* TRY IT
Leave out the pictures and restate exactly, and only, the lines from the one that contains "Kobieta za kierownicą samochodu." through the final line of the material below.
━━━ SOURCE INFORMATION
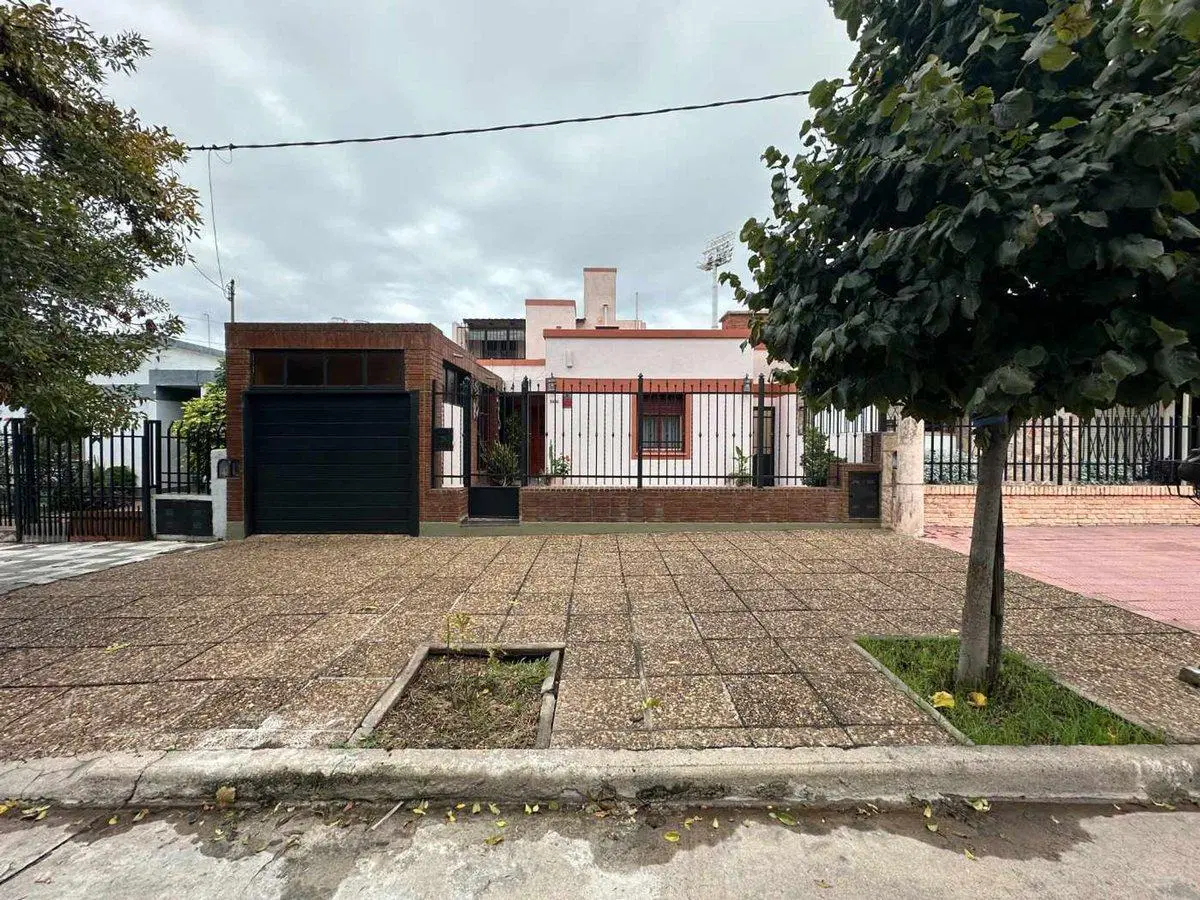 VENTA CASA 3 DORMITORIOS ALTA CORDOBA CORDOBA 3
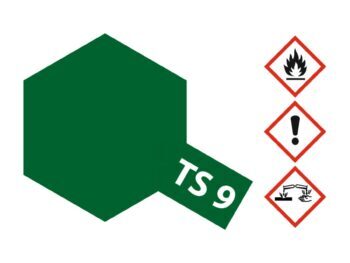 Billedet viser en grøn, sekskantet flade med teksten »TS 9« i hvidt. Derudover er der tre advarselssymboler: en flamme, et udråbstegn og et symbol for korrosion.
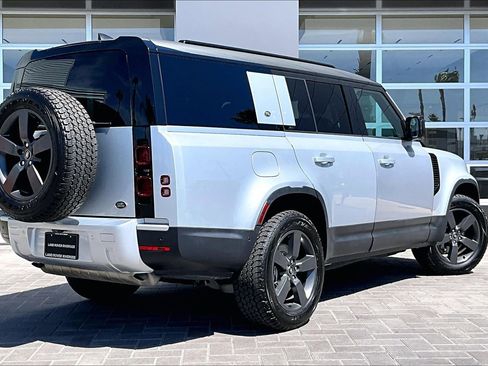 Used 2023 Land Rover Defender 130 SE image 13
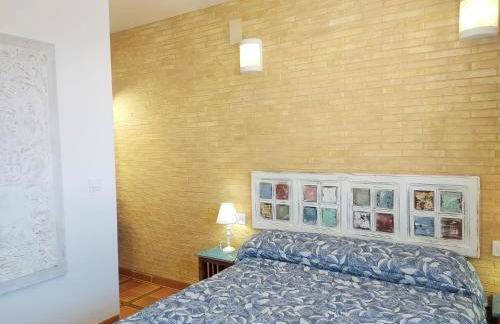 Gran adosado de esquina muy cerca de la playa en la Antilla - Foto 26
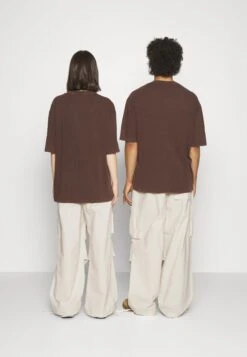 YOURTURN Unisex - Cargo Trousers - White -Fashion Clothing Store 7c134202bf934dad81d73ae035635b6d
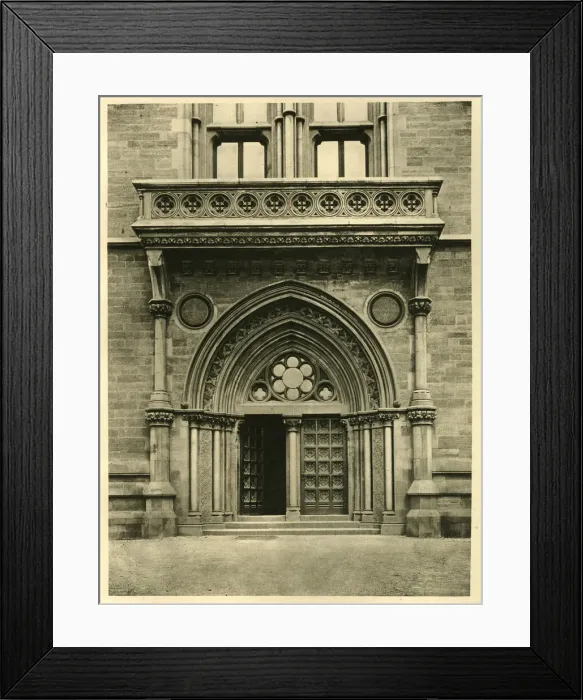 Framed Print : University of Glasgow - Principal Entrance under the Tower Framed Print : University of Glasgow - Principal Entrance under the Tower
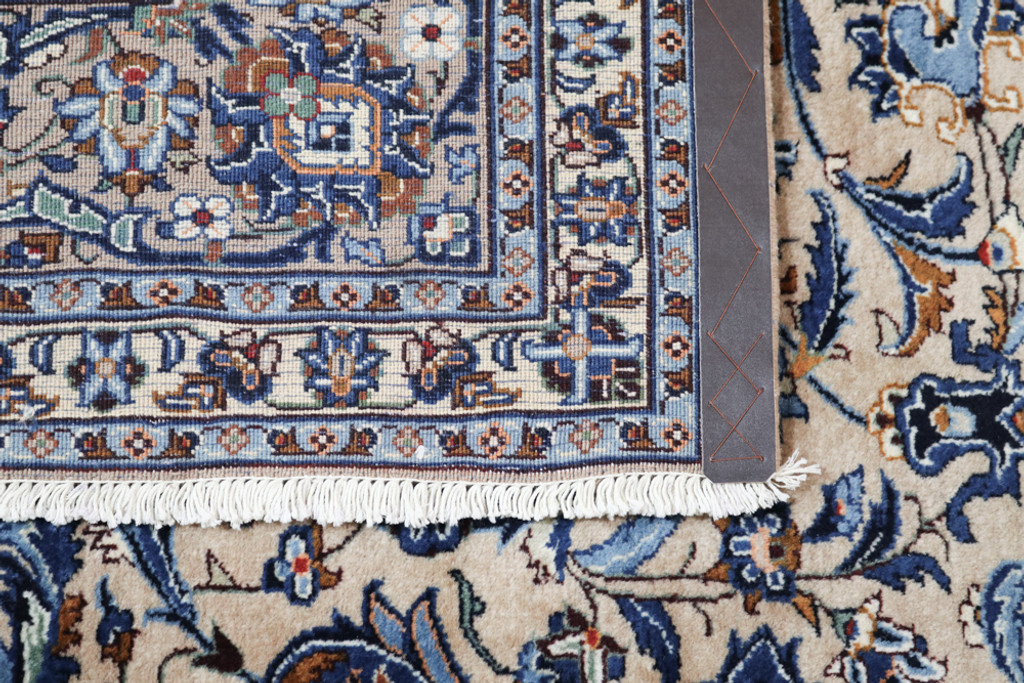 Kashmar Fine Vintage Persian Rug (Ref 907a) 343 x 248 cm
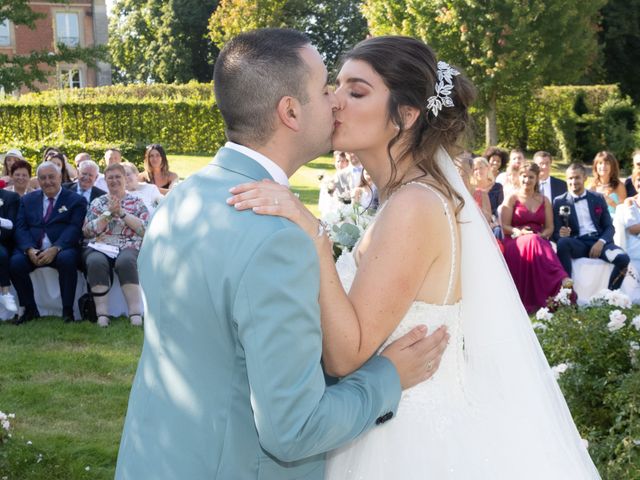 Le mariage de Fabien et Flora à Saint Léger en Bray, Oise 26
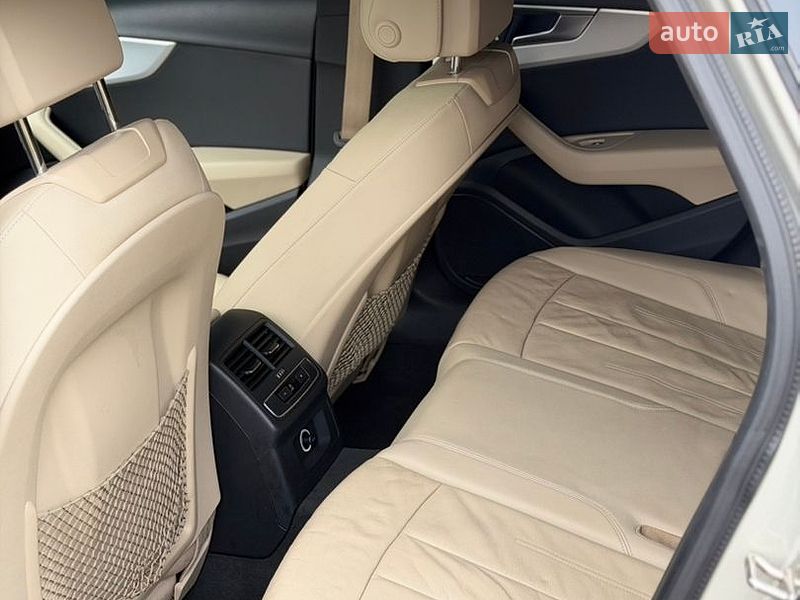 Седан Audi A4 2017 в Львові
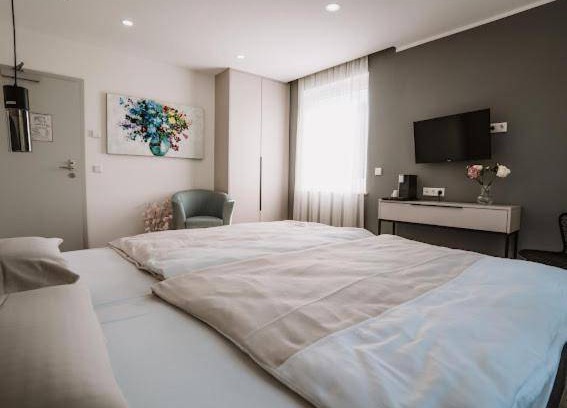 Brackwede Apartment | Serviced apartment ∙ 3 guests
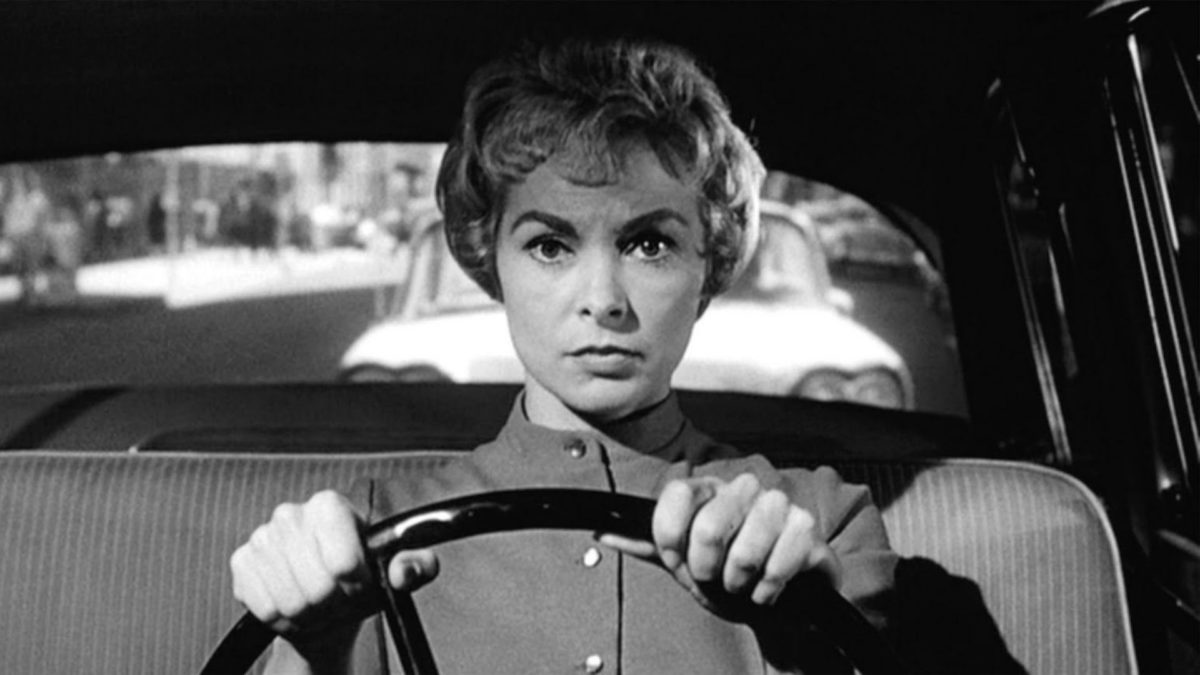 Kobieta za kierownicą samochodu.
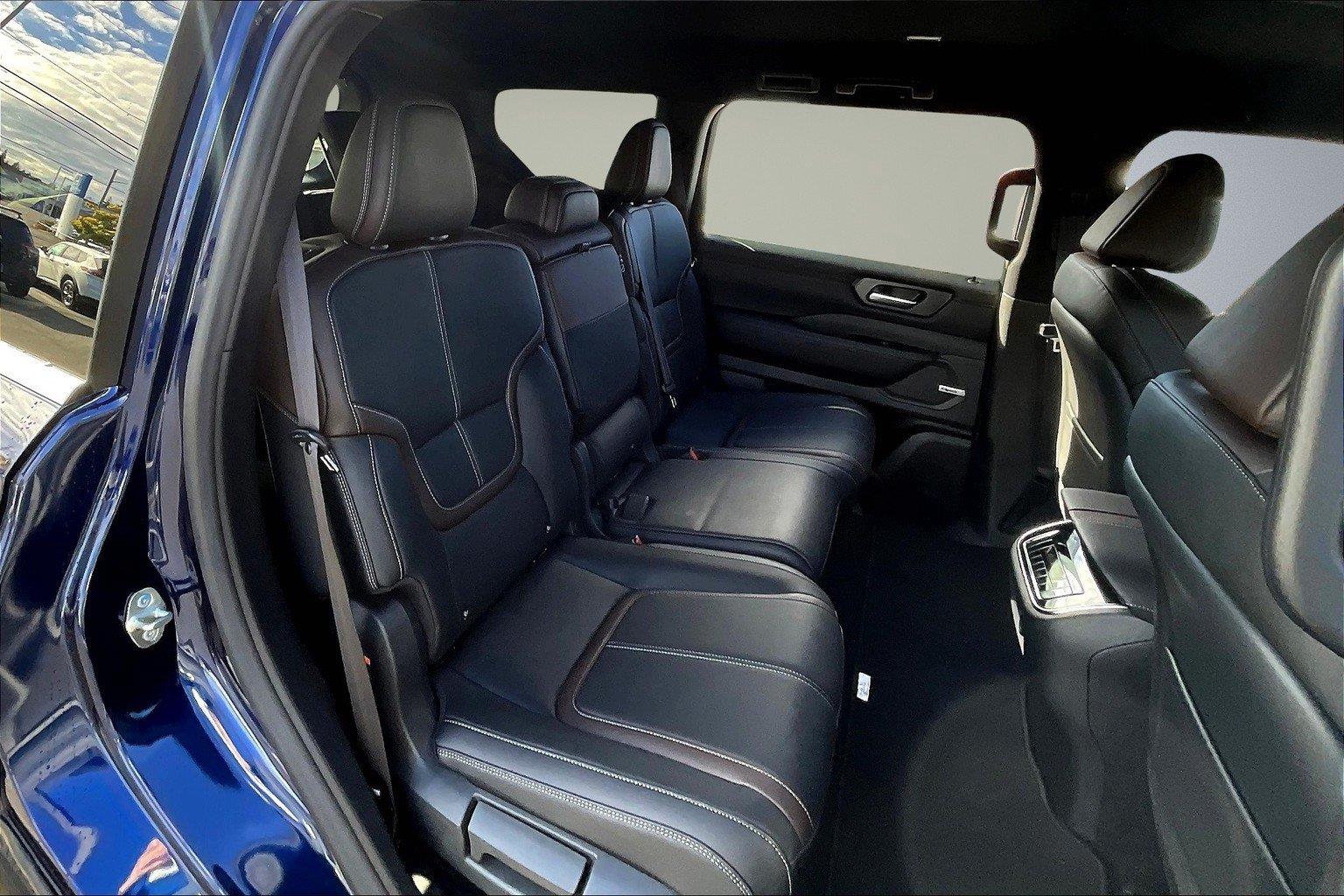 2026 Nissan Armada SL - Photo 11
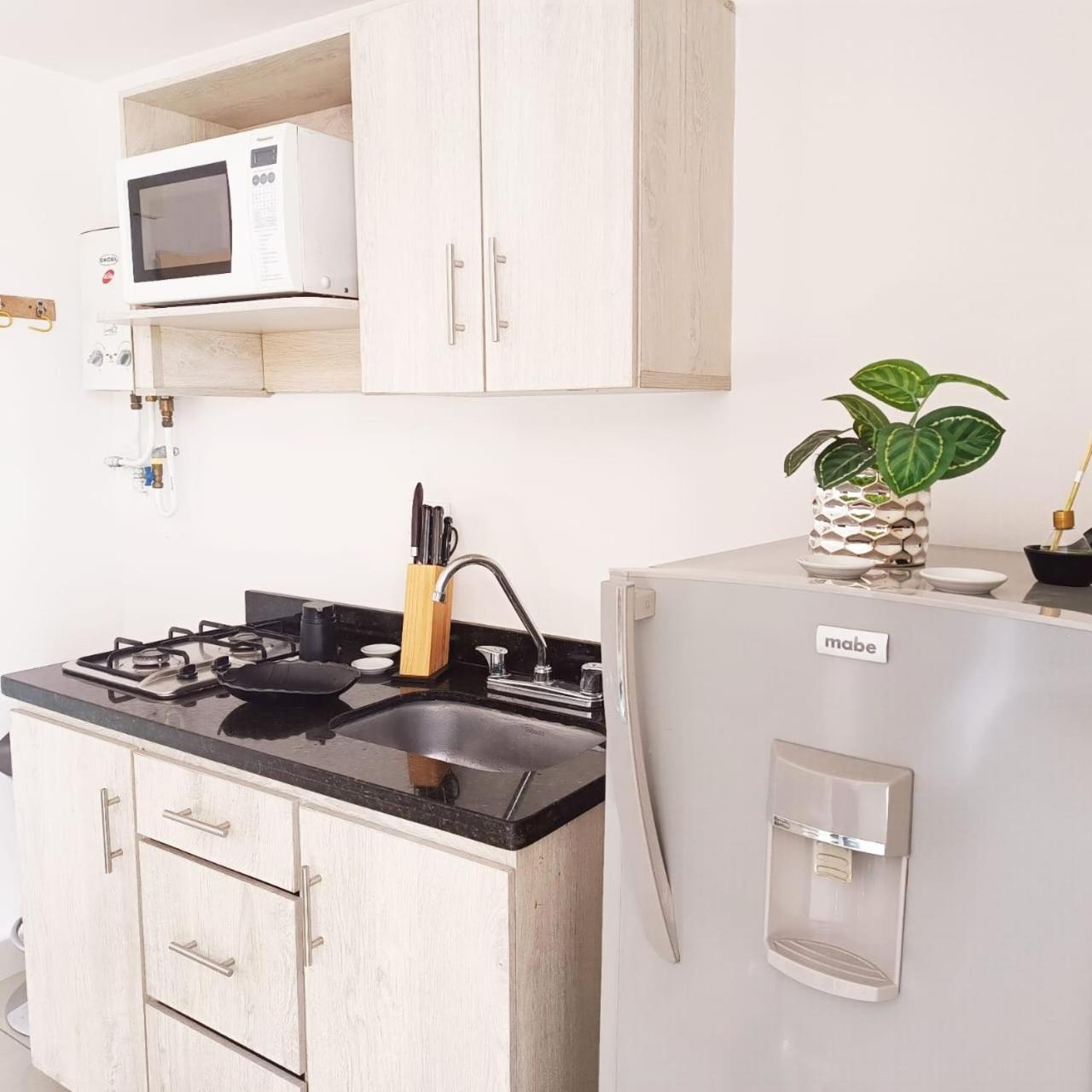 Apartamento El Poblado 207 Apartasuite 1 A 5 Personas *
━━━━━━
* REPLY
 Kobieta za kierownicą samochodu.
 2026 Nissan Armada SL - Photo 11
 Apartamento El Poblado 207 Apartasuite 1 A 5 Personas *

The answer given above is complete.